Avant de pénétrer à l'intérieur, chargeons les Inspecteurs de l'Identité Judiciaire de relever toutes empreintes utiles, tant sur les deux poignées que sur la carrosserie, ainsi que sur les deux glaces placées de chaque côté du véhicule et dans toute sa longueur. Les mêmes recherches sont effectuées par ces fonctionnaires sur la glace pare-brise, sur les deux glaces des portières arrières, enfin partout où des empreintes pourront être relevées.

Au moment de pénétrer dans la canadienne, nous constatons la présence d'un lambeau de chair qui est collé sur le pare-chocs arrière, à son extrémité gauche. À l'intérieur règne un désordre indescriptible. La plupart des objets sont éparpillés sur le plancher de la voiture, ce qui laisse nettement supposer que le véhicule a été fouillé. Cette voiture comporte deux rangées de sièges, ceux de l'avant étant fixes, tandis que ceux de la deuxième rangée ont leur coussin mobile. Ces deux coussins ne sont pas dans la voiture, l'un d'entre eux est découvert, comme déjà indiqué.

Les compartiments du tableau de bord semblent avoir été fouillés car divers papiers et objets sont répandus sur le plancher, devant les sièges avant. Cependant, dans le compartiment de gauche, nous découvrons une enveloppe en carton jaune, fermée avec un élastique et dans laquelle se trouvent divers imprimés et deux carnets de traveller's chèques : l'un au nom de Lady Drummond, comprenant 5 chèques de 5 livres chacun (n° BD 673.447 M à BD 673 451 M) ; l'autre au nom de Miss Elisabeth Drummond ne comportant que 3 chèques de 5 livres chacun (n ° BD 673.452 M à 673.454 M). De plus, parmi les documents renfermés dans l'enveloppe, on y [sic] découvre les papiers de la voiture ainsi que les autorisations de voyage du véhicule pour l'embarquement de celui-ci, de Douvres à Calais, ainsi que pour l'embarquement retour.
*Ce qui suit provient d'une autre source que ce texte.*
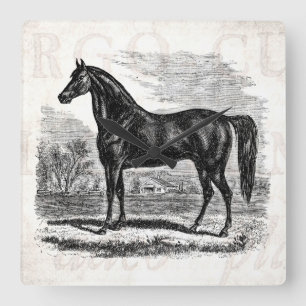 Vintage 1800s Horse - Morgan Equestrian Template Quadratische Wanduhr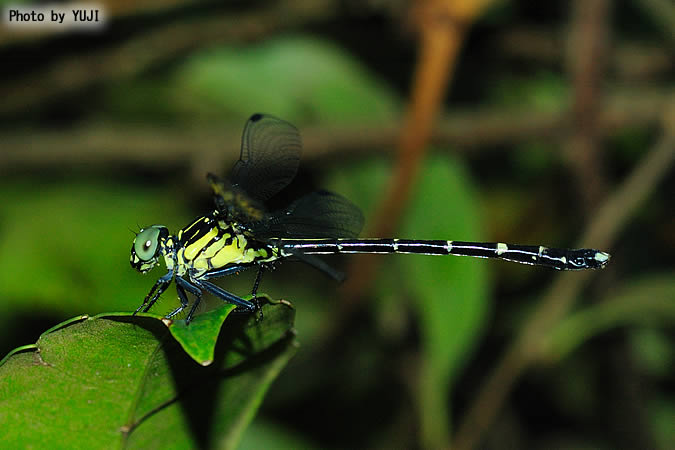 ヒメホソナサエ Leptogomphus yayeyamensis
Sur un carnet trouvé aux abords du véhicule par la Gendarmerie, figure l'identité suivante : Drummond Jack Cécil, Directeur, né le 12 janvier 1891 à New-Caster (Angleterre). Dans un petit carnet ordinaire, s'ouvrant dans le sens de la longueur, et découvert sur un des sièges, il y a un billet de 5.000 frs plié en quatre, dissimulé entre les feuillets. Quelques pièces de monnaie sont également éparses sur le plancher de la camionnette.

Disons qu'un inventaire de tous les objets épars ou renfermés dans le véhicule sera joint au présent procès-verbal.

Avons procédé à la fouille des poches d'un pantalon d'homme se trouvant dans le véhicule, mais rien n'a été découvert à l'exception d'un couteau de poche à plusieurs lames et de quelques pièces de monnaie française. Ces poches n'étaient pas retournées.

Après cette opération, avons effectué la fouille de la valise en cuir et du sac de voyage, bagages que nous avons ouverts et dans lesquels figuraient des objets de toilette, linge ou autres, à l'exception de valeurs ou de bijoux quelconques. Toutefois, la valise renferme un sac à main de dame, en paille, contenant notamment trois billets de 10 shillings, portant respectivement les numéros U 32 Z 231 670, U 32 Z 23I 669 et U 32 Z 231 668. Dans le sac de voyage, et dans un mouchoir noué, il y a de la monnaie de billon de divers pays.

Peu de temps après notre arrivée et alors que nous commencions nos investigations, Monsieur le Commissaire Divisionnaire, Chef du Service Régional de la Police Judiciaire, arrivait à son tour et prenait contact avec les autorités présentes ; et sous sa direction, nous continuions nos investigations.